137    The applicant claims that, by failing to determine the normal value by reference to the two exporting producers that had been granted MET, the institutions committed a manifest error of assessment and infringed the principles set out in the basic regulation as well as Article 2 of the anti-dumping agreement.

138    The applicant’s allegations are based on a misunderstanding of the applicable provisions and must, accordingly, be rejected as unfounded.

139    The method of determining normal value set out in Article 2(7)(b) of the basic regulation is an exception to the specific rule laid down in Article 2(7)(a) applicable to imports from non-market-economy countries. It is settled case-law that any derogation from or exception to a general rule must be interpreted strictly (see Case T‑255/01 Changzhou Hailong Electronics & Light Fixtures and Zhejiang Yankon v Council [2003] ECR II‑4741, paragraph 39 and the case-law cited).

140    Moreover, the wording of Article 2(7)(b) of the basic regulation shows that the determination of the normal value of products originating in China by reference to the rules laid down in Article 2(1) to (6) thereof is confined to specific individual cases in which the producers concerned have each, with regard to itself, made a properly substantiated claim in accordance with the criteria and procedures laid down in Article 2(7)(c) of the basic regulation to show that market-economy conditions prevail for them (see, to that effect, Changzhou Hailong Electronics & Light Fixtures and Zhejiang Yankon v Council, paragraph 40).

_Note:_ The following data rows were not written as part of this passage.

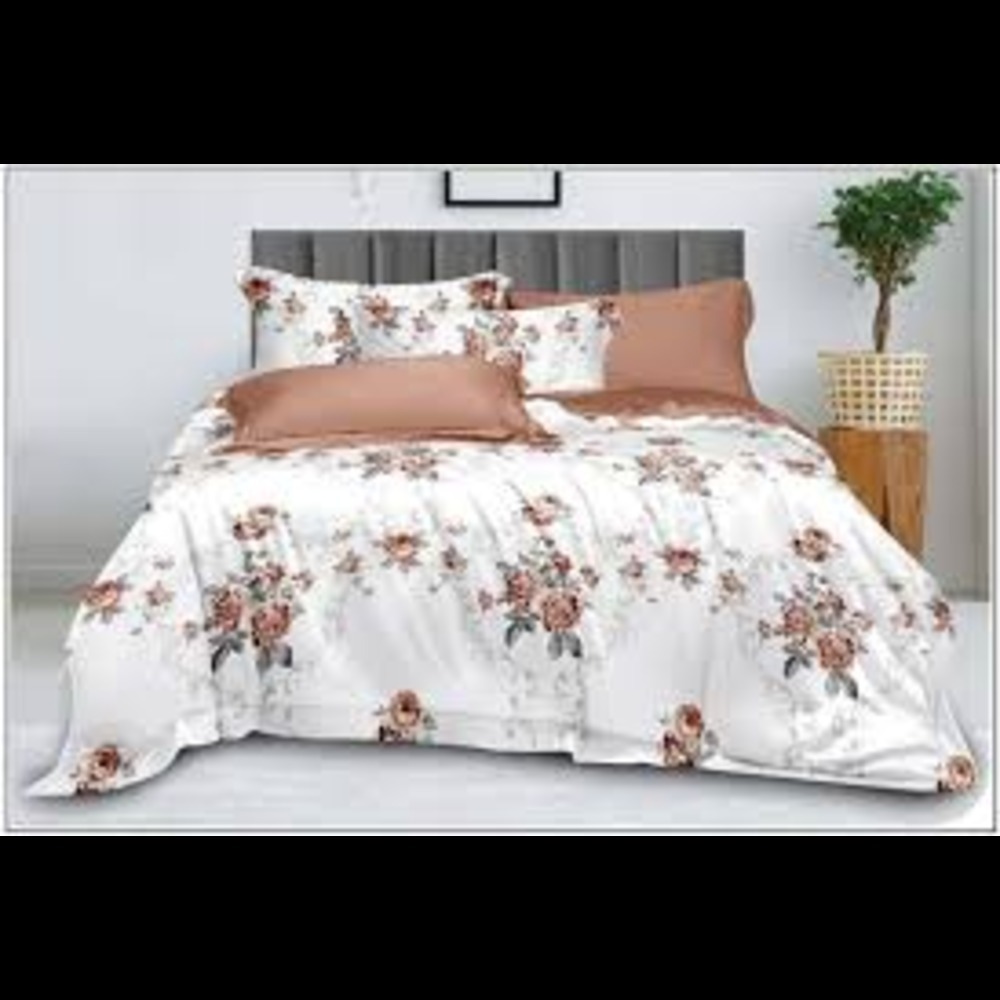 Glace Cotton Bedsheet - 80% Glace Cotton & 20% Cotton 108x108 Inch Assorted Print Washable King Size 210 Thread Count Plaid Style 2 Pillowcases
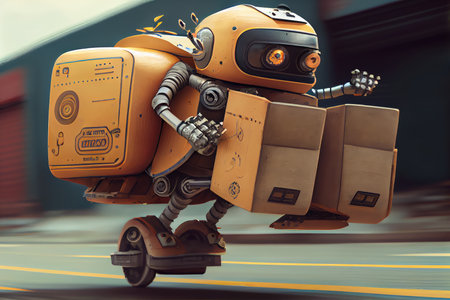 robot courier, delivering important file with precise movements and speed, created with generative aiの素材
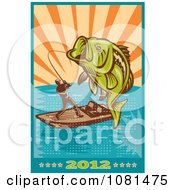 Poster, Art Print Of 2012 Fishing Calendar With A Leaping Largemouth Bass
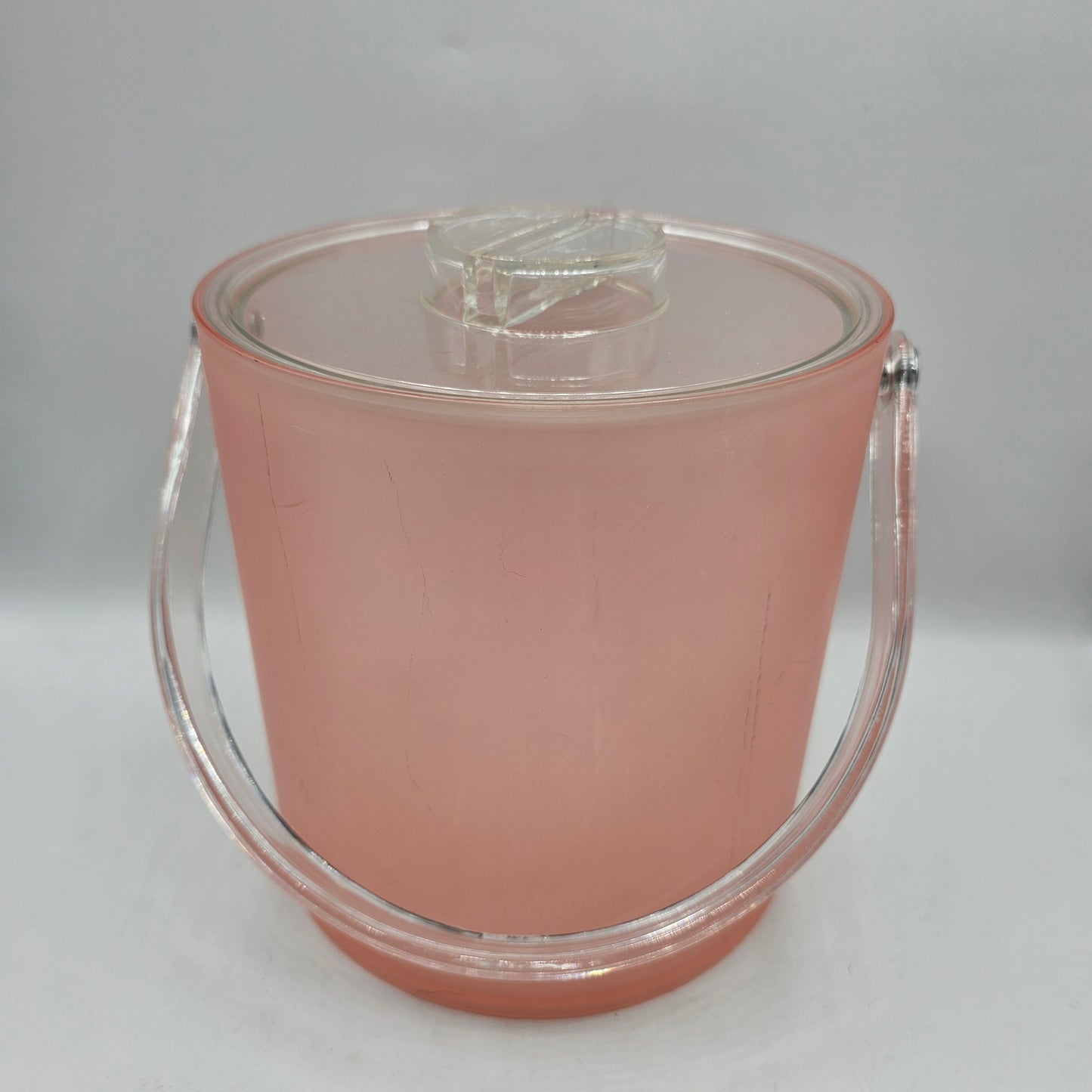 Vintage Pink Lucite Ice Bucket with Clear Liner and Handle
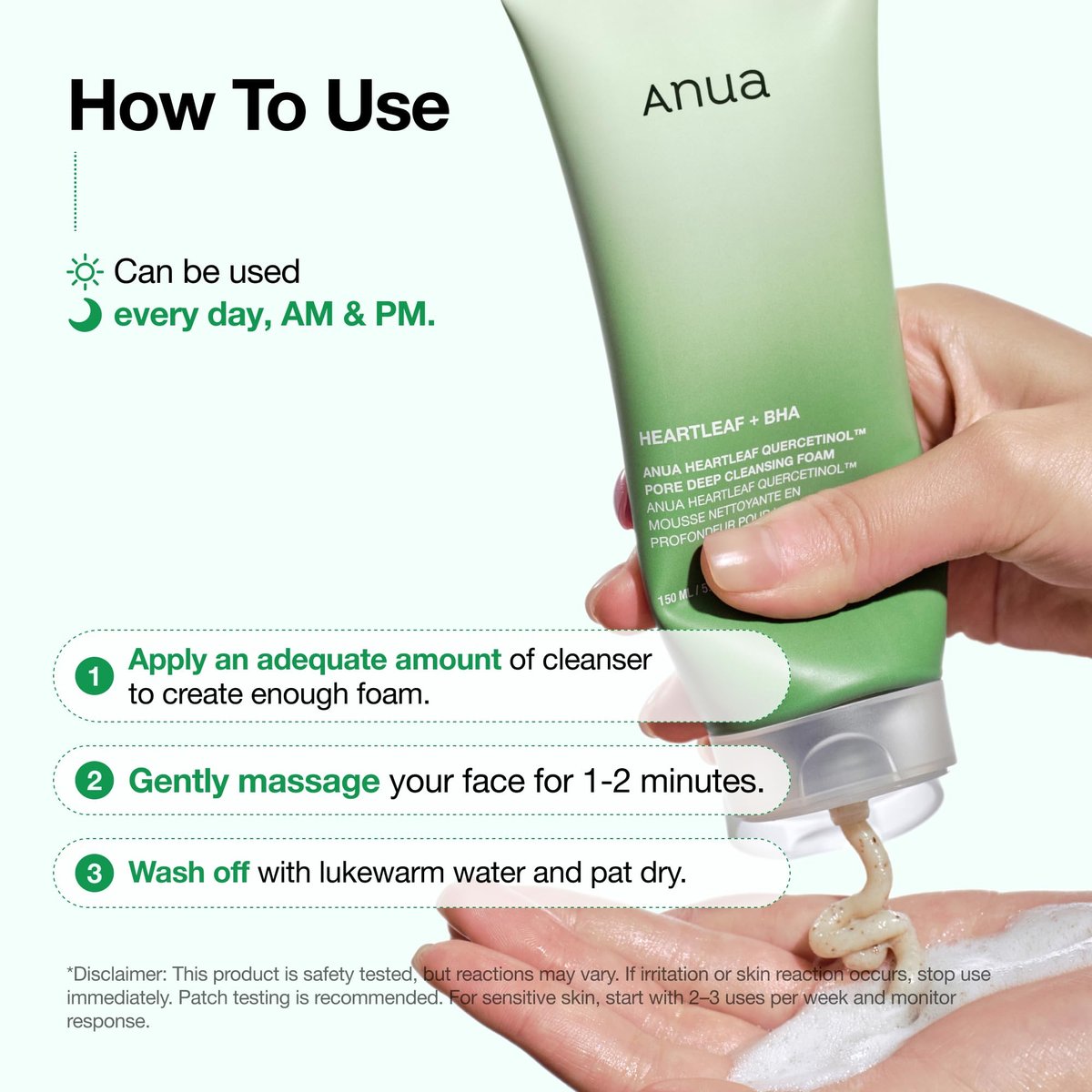 Anua Heartleaf Quercetinol Pore Deep Cleansing Foam - Hydrating Daily Facial Cleanser for Pore Refining, Gentle Foaming with BHA, Korean Skincare, 5.07 fl.oz. Avelisse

141    Therefore, contrary to the applicant’s allegations, when MET is granted to one or more specific Chinese producers, the institutions are not automatically required to grant that treatment to all the other producers of that country – that is to say, even to those which did not make a claim for that treatment or which did not fulfil the required criteria for that purpose – and, accordingly, to apply Article 2(1) to (6) of the basic regulation to those other producers.

142    Furthermore, the use in the review procedure of the data concerning the two Chinese exporting producers that were granted MET in the initial investigation, for the purposes of determining the normal value, would have infringed Article 11(9) of the basic regulation (now article 11(9) of Regulation No 1225/2009), under which ‘[i]n all review or refund investigations carried out pursuant to this Article, the Commission shall, provided that circumstances have not changed, apply the same methodology as in the investigation which led to the duty, with due account being taken of Article 2’.

143    As regards the alleged breach of Article 2 of the anti-dumping agreement, it suffices to note that the applicant puts forward the same arguments as those relied on in support of the alleged manifest error of assessment and the alleged infringement of the principles set out in the basic regulation, which have been examined and rejected in paragraphs 138 to 142 above.

144    Consequently, the first part of the third plea in law cannot be upheld.

 The second part, alleging infringement of Article 2(7)(a) of the basic regulation and a manifest error of assessment

145    In the alternative, the applicant claims that the institutions made a manifest error of assessment and infringed Article 2(7)(a) of the basic regulation in choosing the Republic of Korea, and not Mexico, as the analogue country. It observes that Mexico had already been chosen as the analogue country during the original investigation and, referring to extracts from a June 2007 market study, claims that, contrary to what is stated in recital 28 in the preamble to the contested decision, production of CFL-i had not ceased in that country. As regards the last point, it refers to a Mexican company, Electro Lighting Mexicana SA de CV.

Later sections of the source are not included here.